Among the keys to this audience buying momentum, will be high performing, first-party data - a marketer's best friend, if they have one. Retailers, financial service firms, and travel companies are top of the heap for this powerful targeting data which will inspire continued ad spend investment as a clear connection between spend and conversions is realized - all courtesy of a cookie or reasonable facsimile. Oh and first party data is free - save for the people and data management platform that the marketer needs to get the data churning in the marketplace.
And then there's the attribution "Holy Grail." Better media mix and/or attribution models provide the business rules to more efficient spend in digital. Though attribution has been exhausted lately from an ecosystem marketing perspective, the understanding of cross-channel ad spend and its confluence appears to be something that many companies (ad tech, agencies and marketers) have their eyes on. Publishers should try to get in "the mix" here, too. It only benefits their yield. The march toward a true (automated?) understanding of the pass-off from one stage of the funnel to another - and between channels - will continue to fuel audience buying.
Also, smaller budgets actually could focus more ad dollars in the audience buying space. If it's more efficient to put it all against bottom-of-the-funnel search, why wouldn't you? Same thing goes for a display (or video or mobile) ad, retargeting campaign - another "low hanging fruit" tactic that provides marketers clear access to intent-rich audience and impressive performance sure to bring a smile to any CFO's face.
Traditional Spend For The Traditional Mind
But, it's not going to be "all digital" with a downturn in the economy. In fact, it follows that budget will flow back into the TV channel as risk averse mindsets in the world of media buying are more comfortable staying with the tried-and-true.

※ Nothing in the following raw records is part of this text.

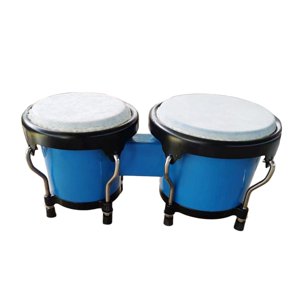 Magideal - Juego De Batería De Bongos De Percusión De Tambor Africano, 6 Pulgadas 7 Pulgadas, Tambor De Instrumentos De Música Montessori Educativo Para Regalos Azul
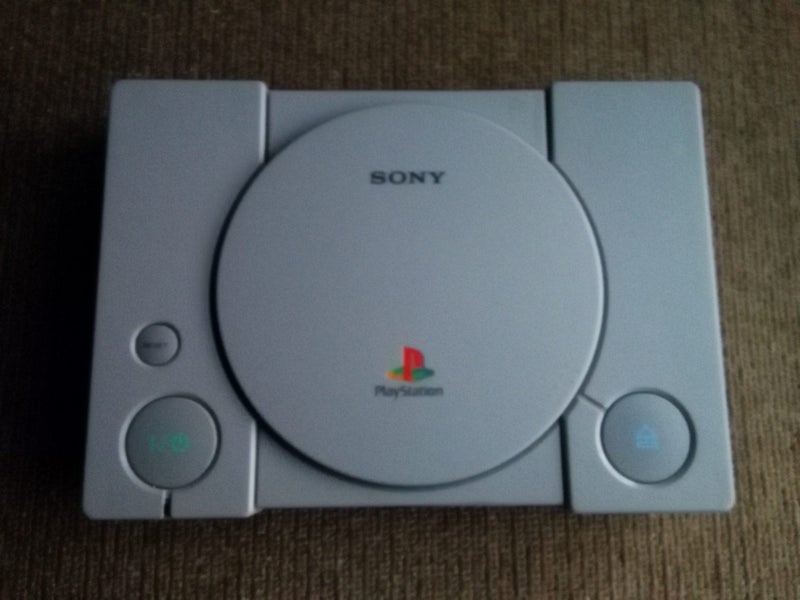 Hardware Modded Sony PS1 Console, Cables/Controllers PS1 CD Wallet, MC's & Games Carousel 2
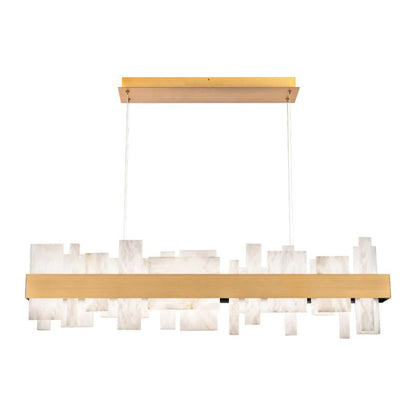 Alabaster LED Linear Chandelier - jchandelier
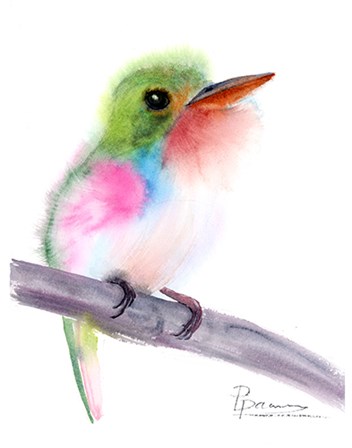Tropical Bird V by Olga Shefranov art print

For traditional marketers, all those years of research and GRP buying have led to a clear path of proven results on TV. They may not be the best results, but marketers know what they're getting. So do CFOs. And, nobody (or fewer people) gets fired for buying TV.
Also, scale remains a digital challenge. The Digerati have a hard time providing scale competitive to TV for a short burst, for example. "Time shifting is great, but can you pinpoint a moment in time for me in the future where I'll be able to reach millions?" The traditional marketer who needs scale in a recession will be thinking TV.
Brand safety questions linger, too, in digital audience buying for the traditionally-minded marketer. For many, ten or so 30-second TV ads within the known quantity of a single TV program trumps the swirling content of the web except among the most premium content sites with predictable content.
And finally, the "lean back" opportunity of TV remains, in theory, different than the "lean forward" of the PC, mobile, etc. We're in a different state when we watch TV. Some might say we're more willing to watch a commercial as it burbles away on TV as opposed to a PC where the user guides, clicks and scrolls through his or her web experience. And, it's not lost on the marketer that, by and large, only on TV can create an emotional connection with the viewer.
Bad economic times will bring more spend to digital audience buying, but the traditional, TV channel stands to benefit, too. It's the gulf in between which is at risk... you need to prove your ad spend works the old way or the new. No in-between.